Winkler [W] poses the problem of finding the minimum number of moves
and reports that a German publishing company has offered 1000 euros for an
optimal algorithm.

**Conjecture:**
The optimal number of moves is asymptotic to *(2/3)n²*.

**Comments:**
Winkler observes that *n(2n-1)/3* is a lower bound. For each of the
*2n(2n-1)/2* pairs of balls, we count 1, as follows. Balls with different
labels must exchange positions; we count one if we do this by exchanging them,
or ½ when they first come together and ½ when they last separate
in the desired order. Balls with the same label must separate during the
process and return together; we count ½ for each of these events.
On each exchange, the pair we exchange can gain 1, the two pairs we split
by starting the exchange can contribute ½ each, and the two pairs
we form by completing the exchange can contribute ½ each. Hence we
obtain at most 3 toward the total required count with each move.
When *n=6*, this lower bound says that at least 22 moves are needed,
but this is not achievable; computer search shows that 23 are needed.

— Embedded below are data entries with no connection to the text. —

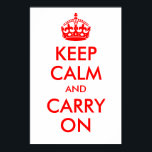 Keep Calm and Carry On Print ポスター<br><div class="desc">Create your own parody on a vintage British WWII poster. Besides the word choice,  the background color can also be changed. The original dimensions are 24" x 36" or 12" x 18" but you can also change that if you'd like by customizing this print.</div>
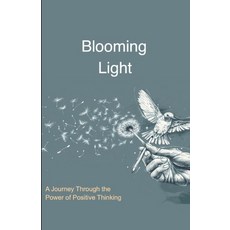 (英文圖書) Blooming Light: A Journey Through The Power of Positive Thinking 平裝版, Independently Published, 英文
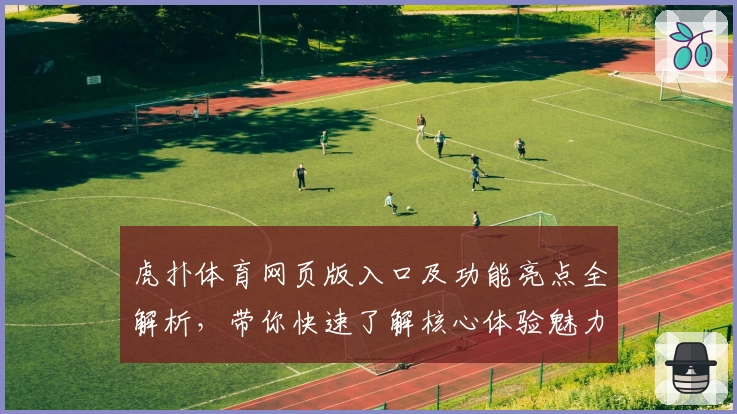 虎扑体育网页版入口及功能亮点全解析，带你快速了解核心体验魅力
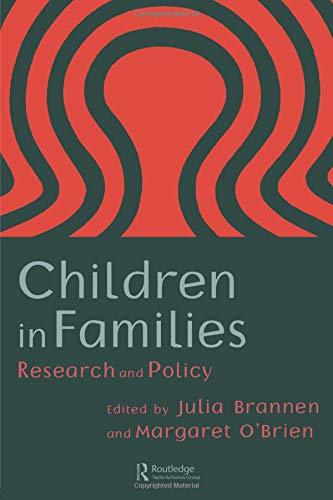 Children in Families: Research and Policy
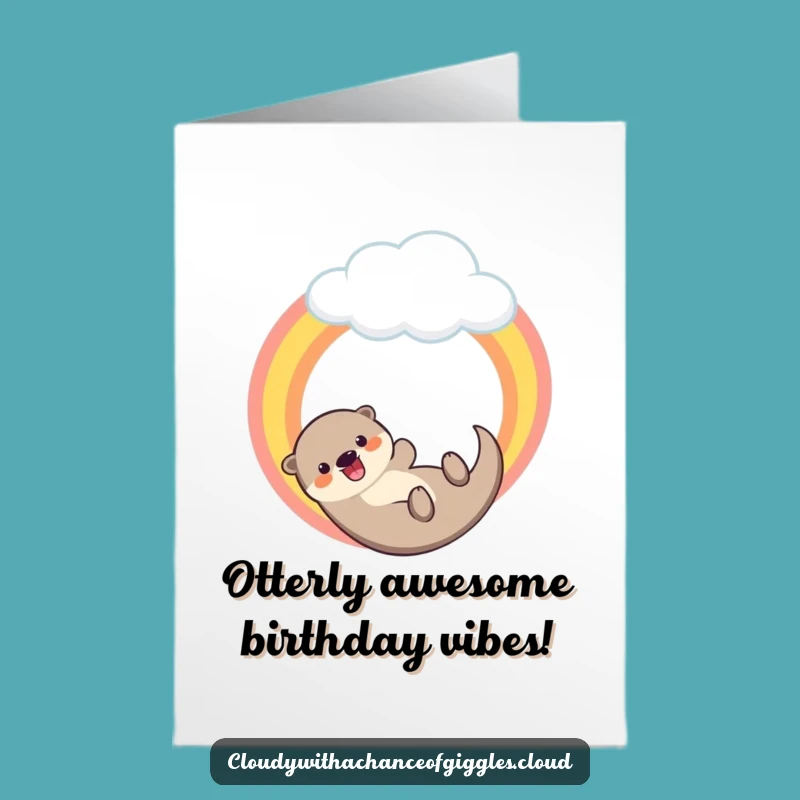 Free Printable Happy Otter Rainbow Birthday Card - Cheerful Downloadable Fun Gift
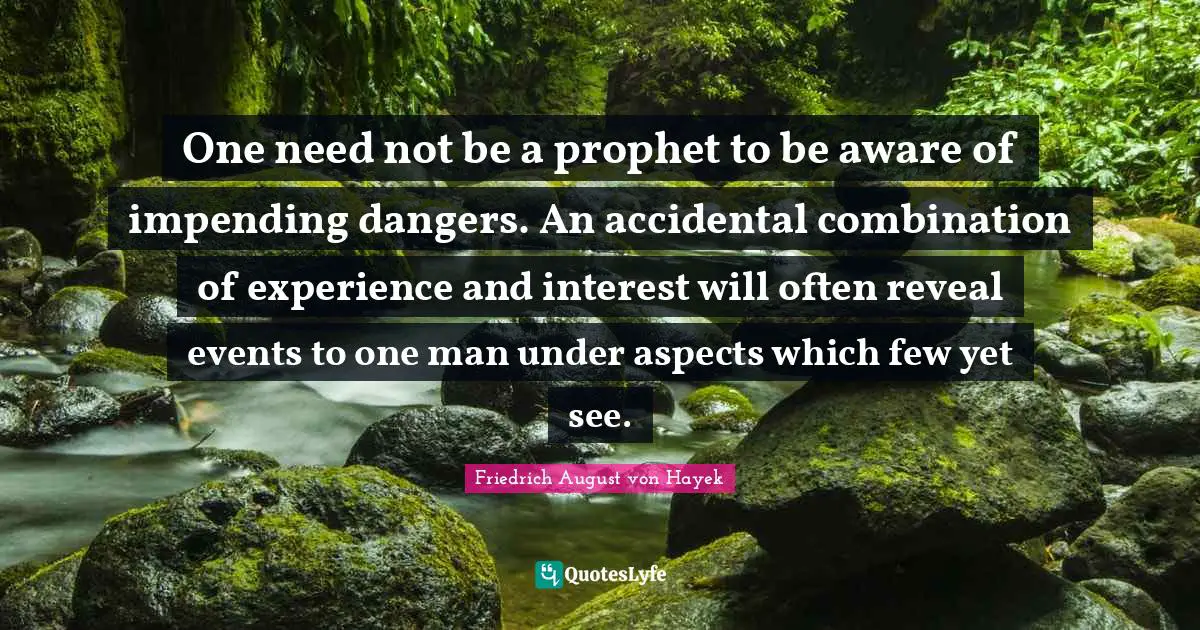 One need not be a prophet to be aware of impending dangers. An accidental combination of experience and interest will often reveal events to one man under aspects which few yet see.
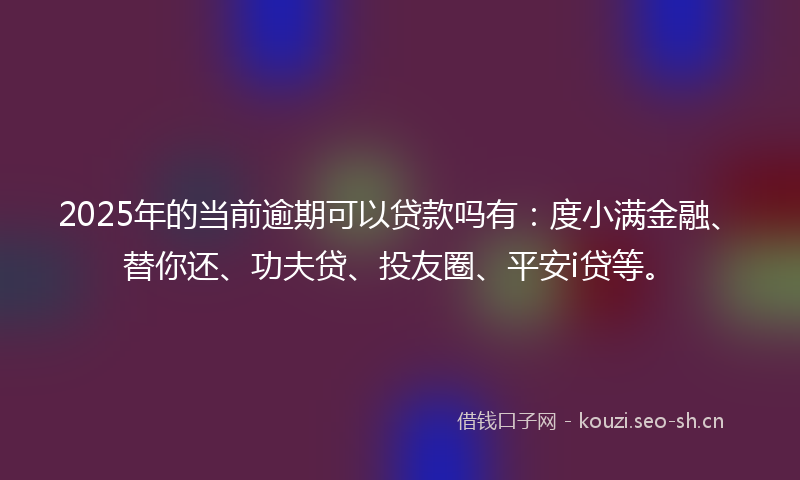 2025年的当前逾期可以贷款吗有：度小满金融、替你还、功夫贷、投友圈、平安i贷等。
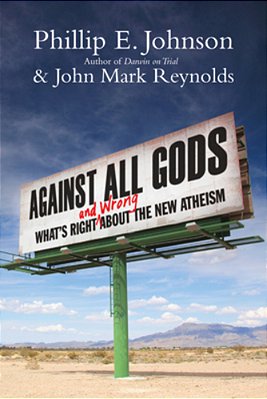 Against All Gods: What's Right And Wrong About The New Atheism-..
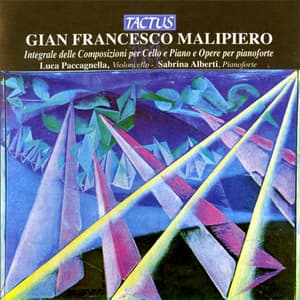 G. F. Malipiero Opera Per Pf. E Cello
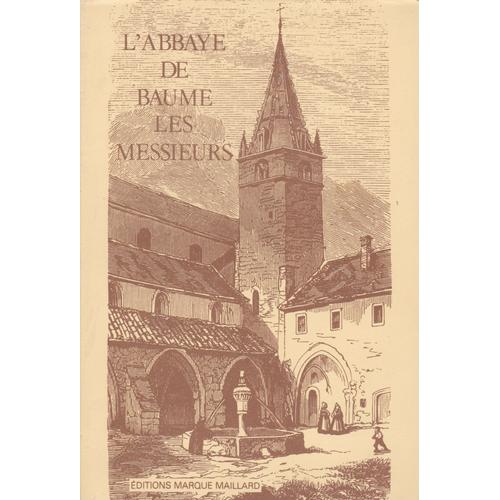 L'abbaye De Baume-Les-Messieurs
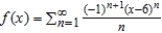 Consider the function given by   . Find the interval of convergence for   . A)    B)    C)    D)    E)   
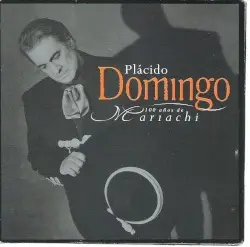 100 años de mariachi by Plácido Domingo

When *n=5*, the sorting can be done in 15 moves. In REGS 2008, Stocker
observed that one can use this recursively to obtain an upper bound of
*(4/5)n²*. Nevertheless, a very simple algorithm suggested by
Stocker and West seems to complete the sorting with a number of moves
asymptotic to the lower bound. With *n* over 100,000, the number of
moves taken by this algorithm is less than 1.03 times the lower bound.
the algorithm takes the leftmost ball of largest label that is out of position
and exchanges it with the lower-labeled ball in the bin to its right. Repeat.

**References:**

[P] Peter Winkler, *Mathematical Puzzles: A Connoisseur's
Collection*, (A K Peters, 2004), 143, 149-151.